Ya la primera vez que te miré quise prenderme de ti. Como un halcón a un blanco conejo, mas benévolo, te me acerqué. Así te conocí mejor, me conociste. Hasta llegar, con naturalidad portentosa, a congraciarnos: la escuela, nuestras casas próximas y los fines de semana. Para su salud, te abrí mi corazón mil veces suturado como a un azar generoso. Cada momento contigo era una flecha de luz que más me reblandecía.
Te buscaba y esperaba paciente, como la raíz al agua. Tu cercanía suavizaba la despreciable grisura de los días. Mi inquietud se domaba en tu casta voz. Y entonces pastabas tan confiado en mí; que no supe alguna vez si te quería como a hermano conquistado. O como a un príncipe. En todo caso, yo te habría venerado como a un dios efebo.
Flaco y rubio como espiga, todo fuiste de consolación y ternura; placentero dulce de leche del que habría anhelado emborracharme con la voluntad y sabiduría de mis años, poco a poco. “Eres hermoso”, te hice notar por tanto. Y esperé que reconocieras en esa frase un dictamen irrevocable, eterno.
Yo sólo podía acceder a ciertas zonas de tu ser, robando gotas de sangre de tu corazón para alimentar al mío. Mas te amaba a cada instante como amigo fiel, pendiente de ti de un modo familiar y seguro. En tanto, ambicionaba tu abrazo. Y en la intimidad mi instinto se rendía a la admiración furtiva de tus pies: frutos de oro, dechados perfectos.
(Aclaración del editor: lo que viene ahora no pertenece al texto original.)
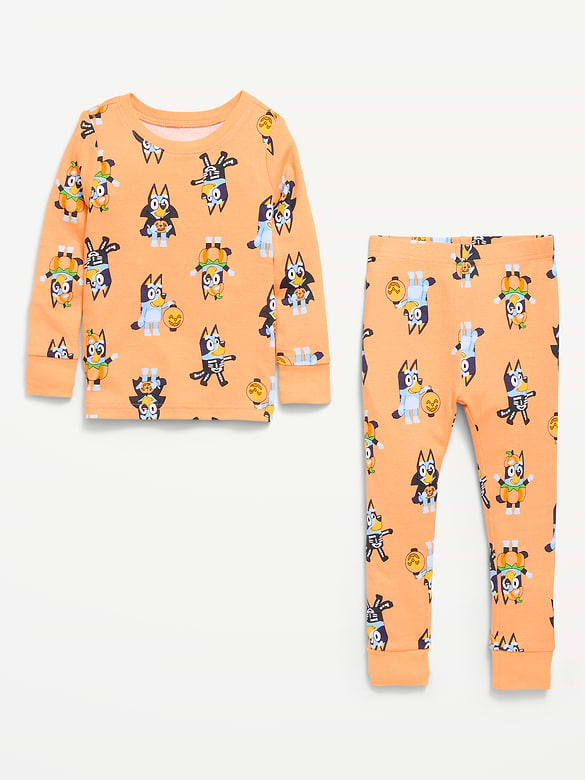 Licensed Graphic Snug-Fit Pajama Set for Toddler & Baby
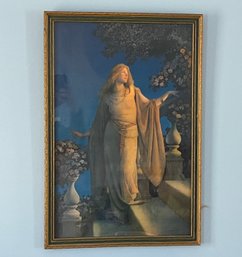 Very Fine 1930 Print 'Enchantment' By Maxfield Parrish (M)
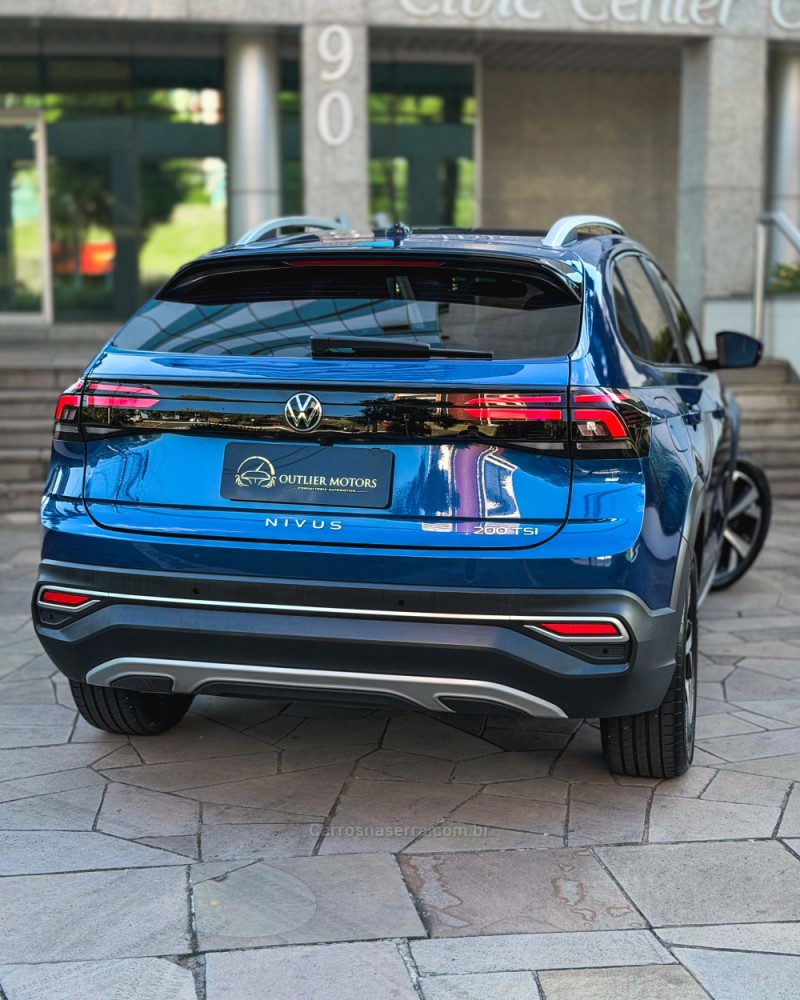NIVUS 1.0 TSI HIGHLINE FLEX 4P AUTOMÁTICO - 2024 - NOVO HAMBURGO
Pero luego ya te habías ido: de pronto, como llegaste. Una ardua distancia de países se volvió a erigir entre nosotros que este verano no sabíamos que el otro existía. Me siento amputado de ti. Recónditos filamentos fueron tirados con brusquedad doliente.
Mas ensanché por ti, con esclarecido y caro ímpetu, el volumen de mi depreciada bondad. Y eso fue verdadero regalo sideral.
El invierno está muy cerca. Sin ti será más frío. He comenzado a enfermarme.